I have started by importing the JSON file, created by Sailwave, into a database (PostgreSQL) column. I am now struggling to get the data out, which I think should be possible from what I have read. I have been able to get some data out but not the data I need for turnout / demographic analysis.

I want to use JSON because it will allow the import of data from Sailwave files that will have different set-ups but still allow extraction of information for aggregation analysis.

I am using PostgreSQL v17 because it seems to better support including JSON data in a column. I have not looked at Microsoft SQL because I am trying this on my Linux system.

I look forward to feedback.
Kind regards,
Huw

Think I could write a plugin which saved the data to a SQLite database fairly quickly. Certainly the competitor data would be easy. What other info do you need?

Jon

Hi Jon,
Thank you for the reply, much appreciated.

Ideally I would like but just competitor data would OK:

  • Event data including versions of Sailwave (unique key)Competitor data (competitor unique key, event foreign key)
  • Race data (race unique key, competitor foreign key)
  • Race results data (result unique key, race foreign key, ?competitor foreign key)

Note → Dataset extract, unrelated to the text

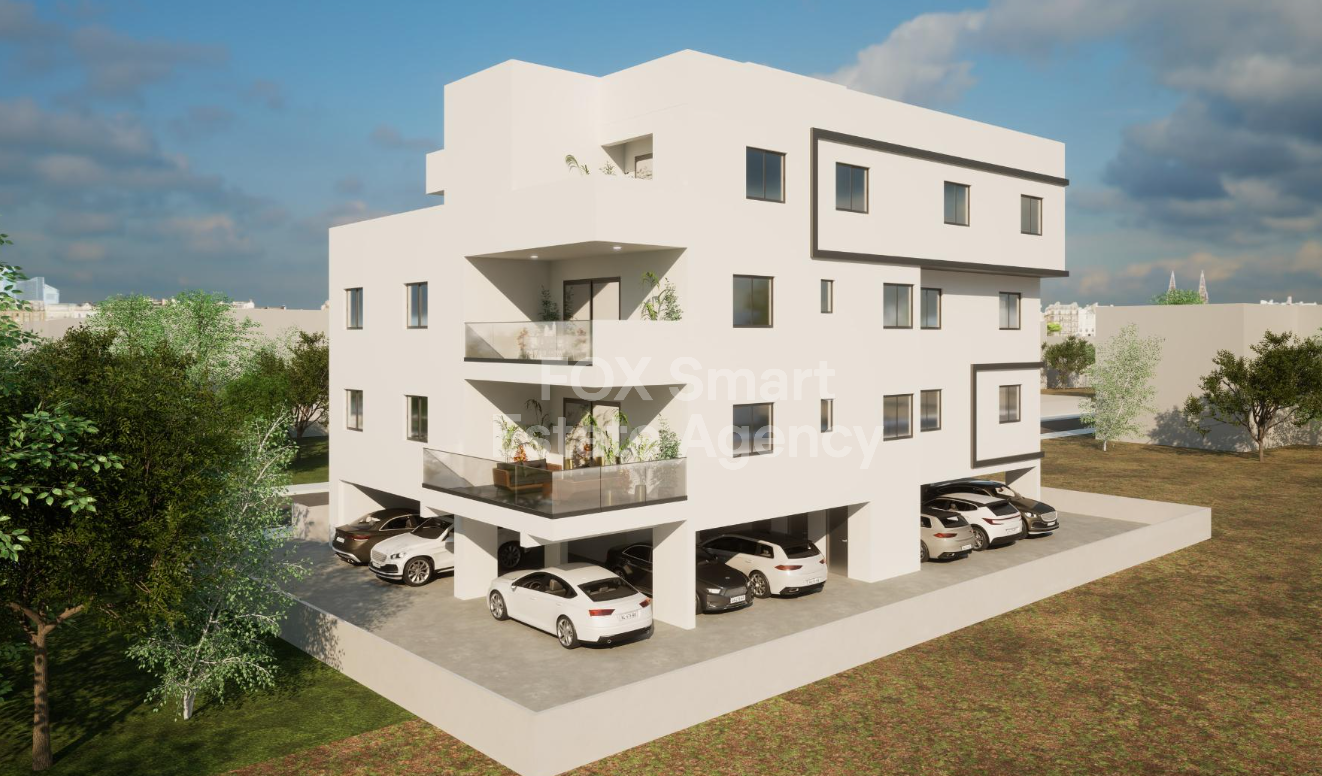 Apartment, For Sale, Nicosia, Strovolos, Agios Vasileios  2.....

I would be interested in what other SUG members think.
Kind regards,
Huw

Hi Huw,

I too get asked at the end of each season to produce a list of the club’s most committed members (i.e. those who sailed the most days, not races). So I wondered if there had been any more development of this topic?

Many thanks, Jools.

Hi Jools,

I have given up on the route I was trying to follow using PostgreSQL and importing JSON.

However, I am following a different route to get some Sailwave data into a database. I have been provided two different ways of getting competitor data into a database and I am trying to extend to include race data and results information.

  • A proof on concept from Jon Eskdale in Visual Studio directly accessing a Sailwave file and creating an SQLlite database
  • A proof of concept by Andy Barrow using Python to import a JSON file created by Sailwave into a MySQL or MariaDB database

As I understand the Python solution better than the Visual Studio I am progressing with the Python route. I can see with this route a way to import into a database in addition to the competitor data, the race & results data that would be required to produce the information you are suggesting you want. It would require race dates to be entered in the race information.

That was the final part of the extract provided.